Singling Altucher out for moving to Miami, Seinfeld wrote: ‘You found a place in Florida? Fine. We know the sharp focus and restless, resilient creative spirit that Florida is all about. You think Rome is going away too? London? Tokyo? The East Village?
‘They’re not. They change. They mutate. They re-form. Because greatness is rare. And the true greatness that is New York City is beyond rare. It’s unknown. Unknown anyplace outside of New York City.
‘You say New York will not bounce back this time. You will not bounce back. In your enervated, pastel-filled new life in Florida. I hope you have a long, healthy run down there. I can’t think of a more fitting retribution for your fine article.
In response to Altucher’s claim that New York would never bounce back, Seinfeld insisted that it would because of ‘tough New Yorkers’ who stayed behind to rebuild it. Pictured above is an empty Times Square on August 16
In addition to the pandemic, New York City has also grappled with a dark week of looting in June as some Black Lives Matter protests turned violent and the ongoing struggle against escalating crime and homelessness
‘This stupid virus will give up eventually. The same way you have. We’re going to keep going with New York City if that’s all right with you.
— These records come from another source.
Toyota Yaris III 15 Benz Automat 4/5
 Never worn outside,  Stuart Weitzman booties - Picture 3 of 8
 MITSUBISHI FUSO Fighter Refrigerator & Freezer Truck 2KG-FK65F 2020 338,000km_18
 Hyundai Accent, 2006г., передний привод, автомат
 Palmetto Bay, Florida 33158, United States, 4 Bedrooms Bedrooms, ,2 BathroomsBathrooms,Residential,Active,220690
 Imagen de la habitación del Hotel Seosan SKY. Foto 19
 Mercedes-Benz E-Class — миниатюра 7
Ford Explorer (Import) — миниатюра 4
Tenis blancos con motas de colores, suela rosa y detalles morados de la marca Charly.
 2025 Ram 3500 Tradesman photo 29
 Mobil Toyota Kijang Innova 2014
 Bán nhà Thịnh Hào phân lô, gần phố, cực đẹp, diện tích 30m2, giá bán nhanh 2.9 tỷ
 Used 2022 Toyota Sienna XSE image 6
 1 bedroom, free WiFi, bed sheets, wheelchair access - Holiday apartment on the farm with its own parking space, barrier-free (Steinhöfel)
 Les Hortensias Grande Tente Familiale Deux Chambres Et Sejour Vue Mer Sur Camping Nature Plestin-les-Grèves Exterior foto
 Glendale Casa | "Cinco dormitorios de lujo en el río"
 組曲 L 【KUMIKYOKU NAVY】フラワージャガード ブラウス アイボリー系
‘And it will sure as hell be back. Because of all the real, tough New Yorkers who, unlike you, loved it and understood it, stayed and rebuilt it.’
One of Altucher’s main arguments for NYC not bouncing back was that unlike in previous times of crisis – like 9/11 or the crime wave of the 70s – there is nothing currently bringing people back because people are working remotely.
Seinfeld, however, argues that working remotely isn’t sustainable because there is no ‘energy’ in doing that and ‘everyone hates it’.
‘Guess what: Everyone hates to do this. Everyone. Hates,’ Seinfeld wrote. ‘You know why? There’s no energy.
‘Energy, attitude and personality cannot be ‘remoted’ through even the best fiber optic lines. That’s the whole reason many of us moved to New York in the first place.
‘You ever wonder why Silicon Valley even exists? I have always wondered, why do these people all live and work in that location? They have all this insane technology; why don’t they all just spread out wherever they want to be and connect with their devices? Because it doesn’t work, that’s why.
‘Real, live, inspiring human energy exists when we coagulate together in crazy places like New York City.
‘He says he knows people who have left New York for Maine, Vermont, Tennessee, Indiana. I have been to all of these places many, many, many times over many decades. And with all due respect and affection, Are. You. Kidding. Me?!
Numerous business leaders have suggested in recent weeks that the damage to NYC’s economy could last for years. Just last week, a coalition of New York City restaurants are threatening to sue Mayor Bill de Blasio after he admitted there was ‘no plan’ and refused to give a timeline for when indoor dining can return amid the COVID-19 pandemic
Seinfeld said the last thing anyone needed at the moment was the negativity Altucher showed given the ‘challenges’ everyone is facing right now.
‘The last thing we need in the thick of so many challenges is some putz on LinkedIn wailing and whimpering, ‘Everyone’s gone! I want 2019 back!’,’ he wrote.
‘Oh, shut up. Imagine being in a real war with this guy by your side. Listening to him go, ‘I used to play chess all day. I could meet people. I could start any type of business.’ Wipe your tears, wipe your butt and pull it together.’
Seinfeld’s op-ed was met with praise from Mayor Bill de Blasio during his Tuesday press briefing.
De Blasio said a true New Yorker ‘stands and fights’ to make the city better despite he ongoing pandemic and escalating crime and homelessness.
‘I want to take a moment to thank Jerry because this is what a true New Yorker does – stands and fights and works to make this place better no matter what’s thrown at us,’ de Blasio said.
‘That’s the vast majority of all of you out there because that’s what we’ve seen time and time again.
‘We went through 9/11. People fought back. Hurricane Sandy. People fought back. Great recession. People fought back. New Yorkers fight back, that’s what we do.’